Data in this exercise
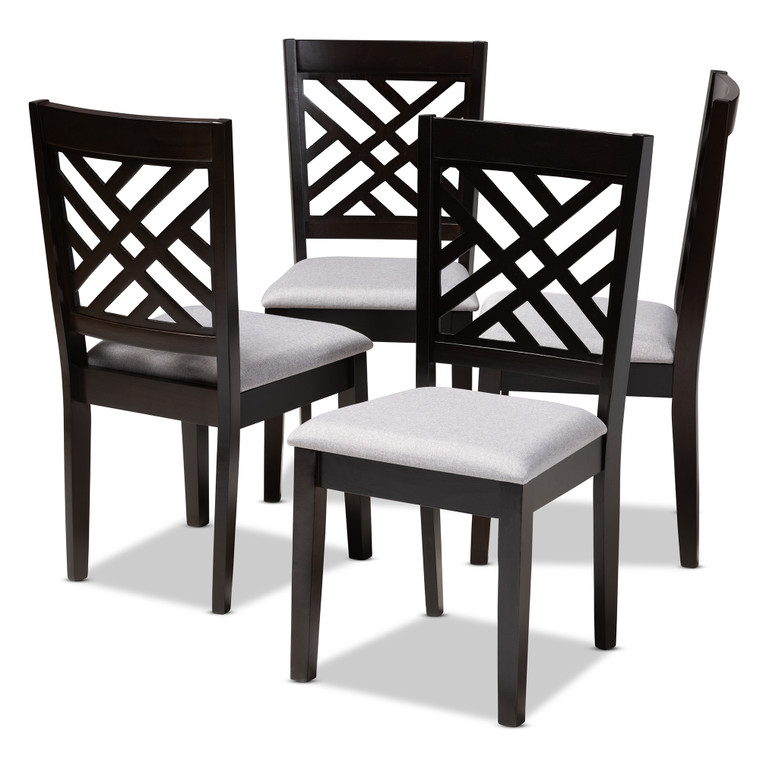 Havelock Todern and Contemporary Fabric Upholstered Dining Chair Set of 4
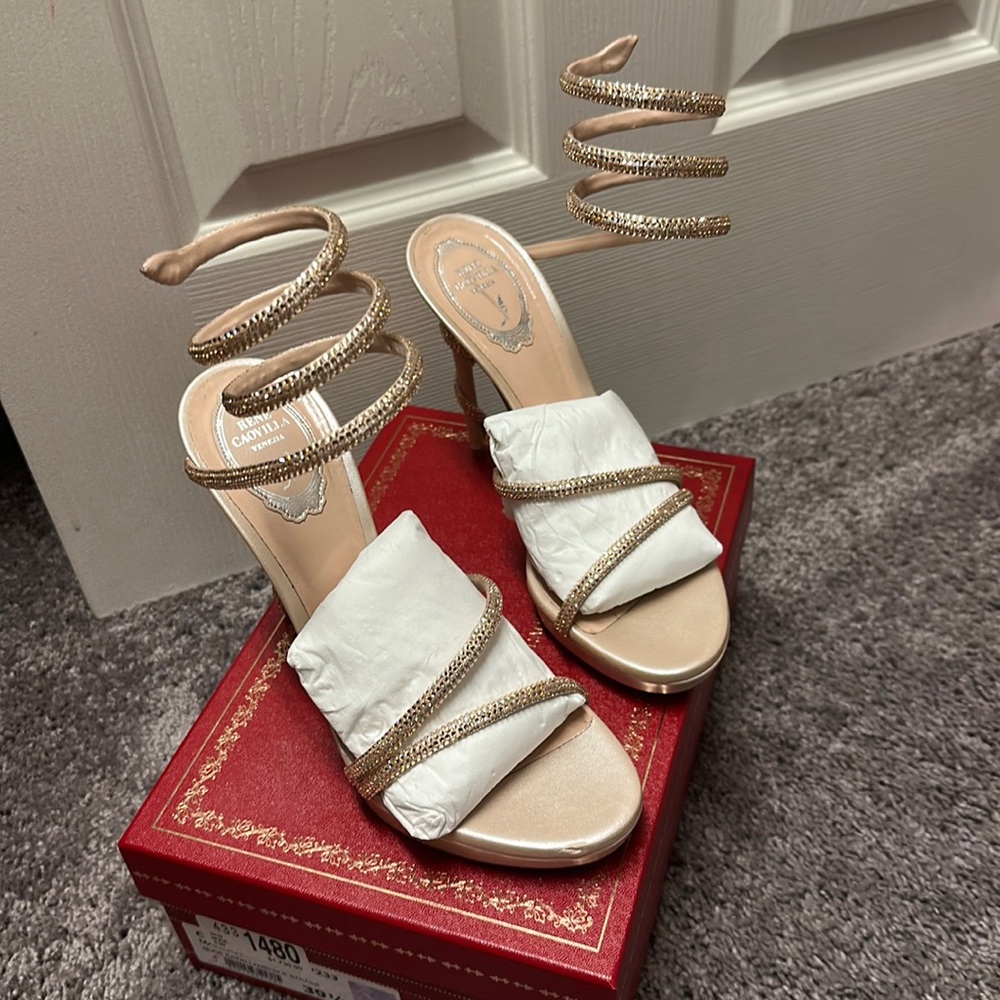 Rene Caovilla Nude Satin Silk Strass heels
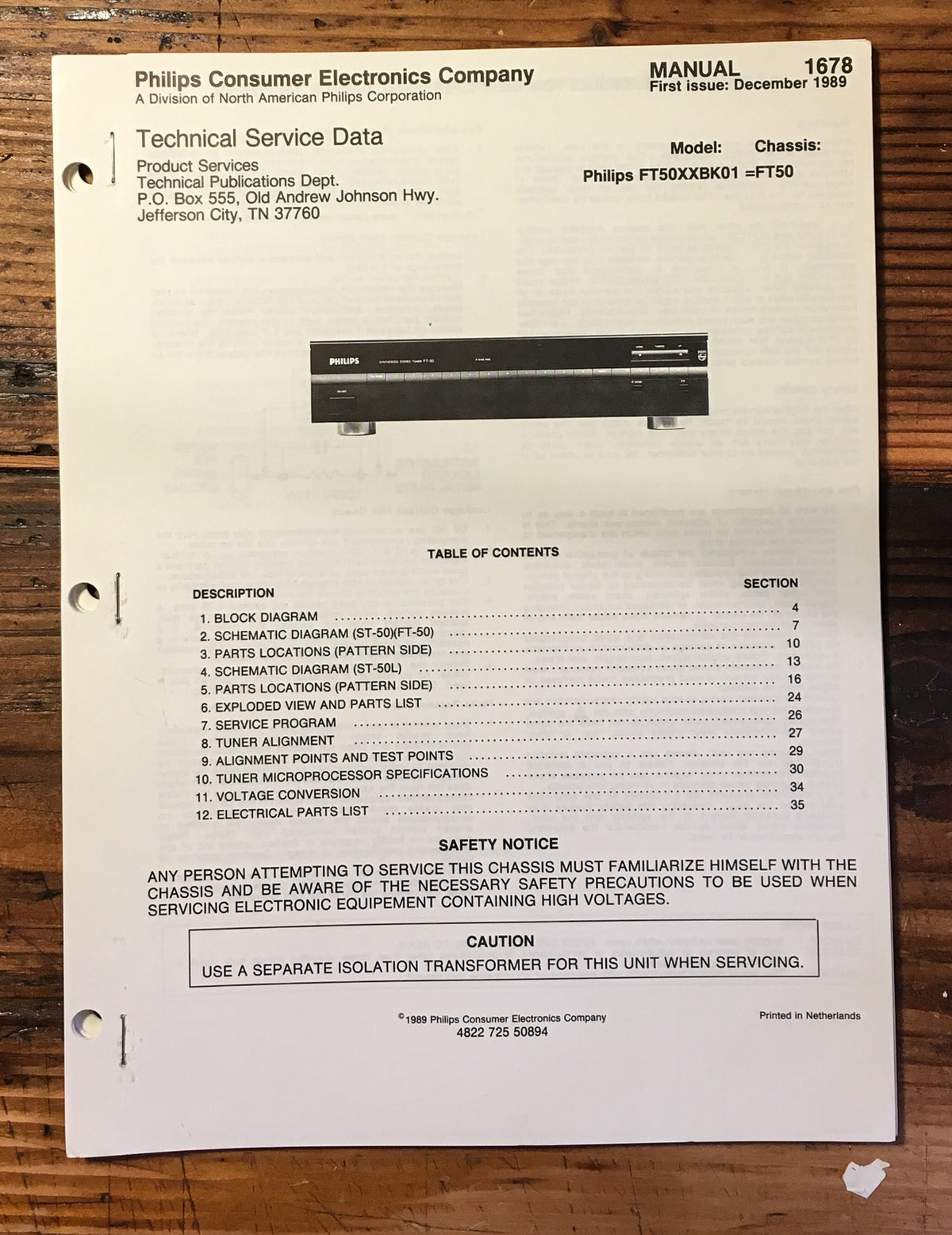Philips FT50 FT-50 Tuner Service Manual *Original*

* * *

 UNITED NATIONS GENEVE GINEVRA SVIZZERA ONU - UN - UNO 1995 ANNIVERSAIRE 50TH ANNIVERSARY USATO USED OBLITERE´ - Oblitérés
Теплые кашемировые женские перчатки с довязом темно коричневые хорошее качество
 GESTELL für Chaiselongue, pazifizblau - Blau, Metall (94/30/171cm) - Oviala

What you should do
With the pictures left out, write out exactly the lines above from the one containing "Havelock Todern and" through the one containing "Philips FT50 FT-50".

Task answer
 Havelock Todern and Contemporary Fabric Upholstered Dining Chair Set of 4
 Rene Caovilla Nude Satin Silk Strass heels
Philips FT50 FT-50 Tuner Service Manual *Original*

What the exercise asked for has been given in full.